YOUR OBJECTIVE:
No pictures belong in the copy, but every line of the material below must be reproduced exactly.

RECORDED DATA:
——————————
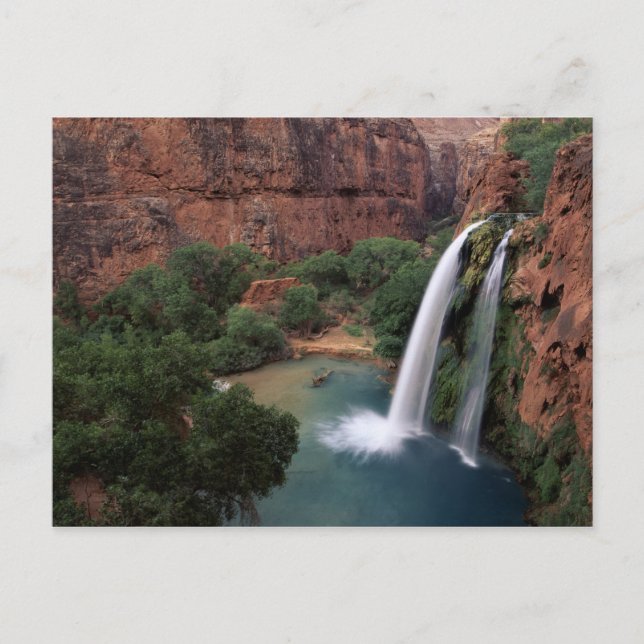 Nordamerika, USA, Arizona, Havasu Canyon, Vykort (Framsida)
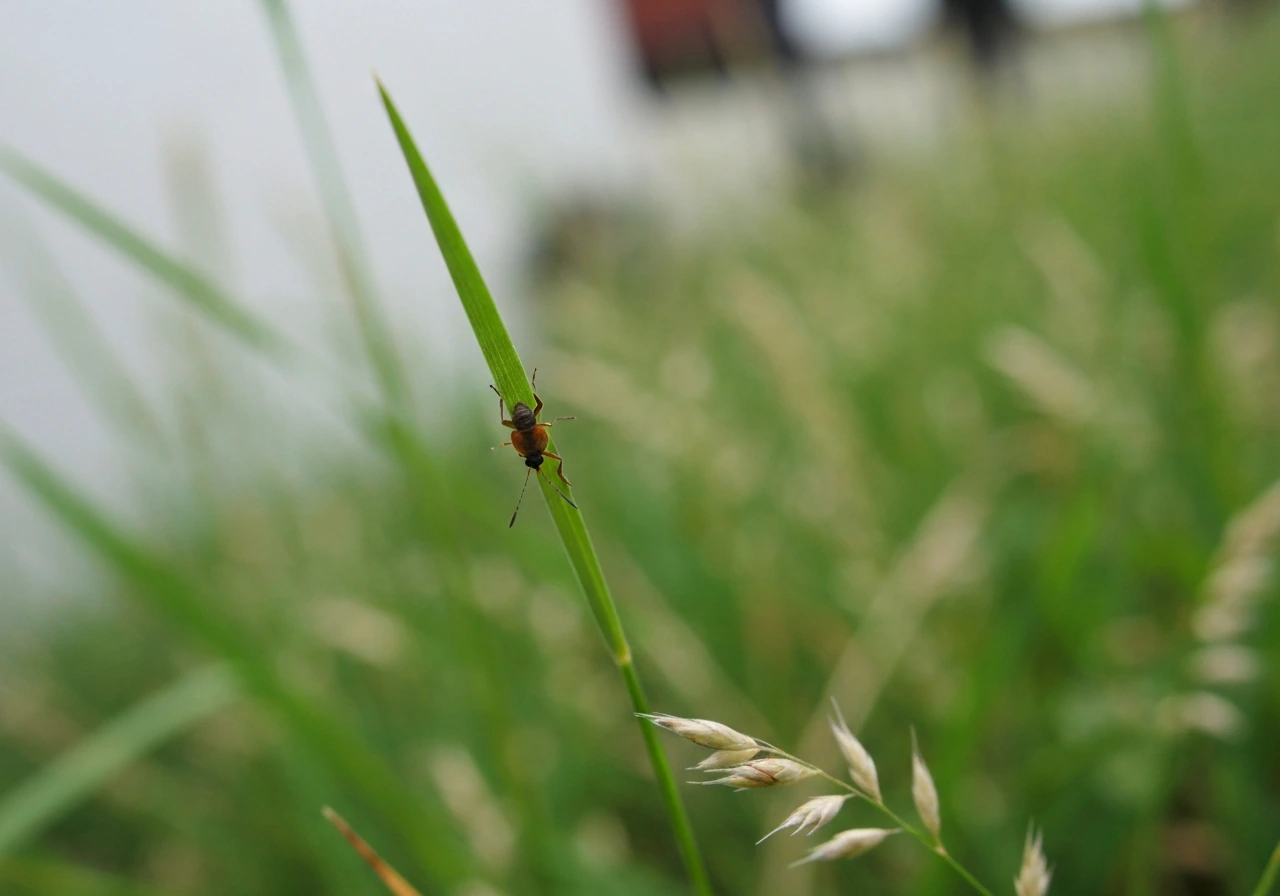 Close-up van groen gras met een kleine bruinige insectsilhouet op de graspluk, “vlooien in het gras” sfeer.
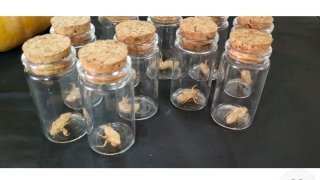 Esoscheletro Cicala Ninfa Exuvia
——————————
EXERCISE OUTPUT:
 Nordamerika, USA, Arizona, Havasu Canyon, Vykort (Framsida)
 Close-up van groen gras met een kleine bruinige insectsilhouet op de graspluk, “vlooien in het gras” sfeer.
 Esoscheletro Cicala Ninfa Exuvia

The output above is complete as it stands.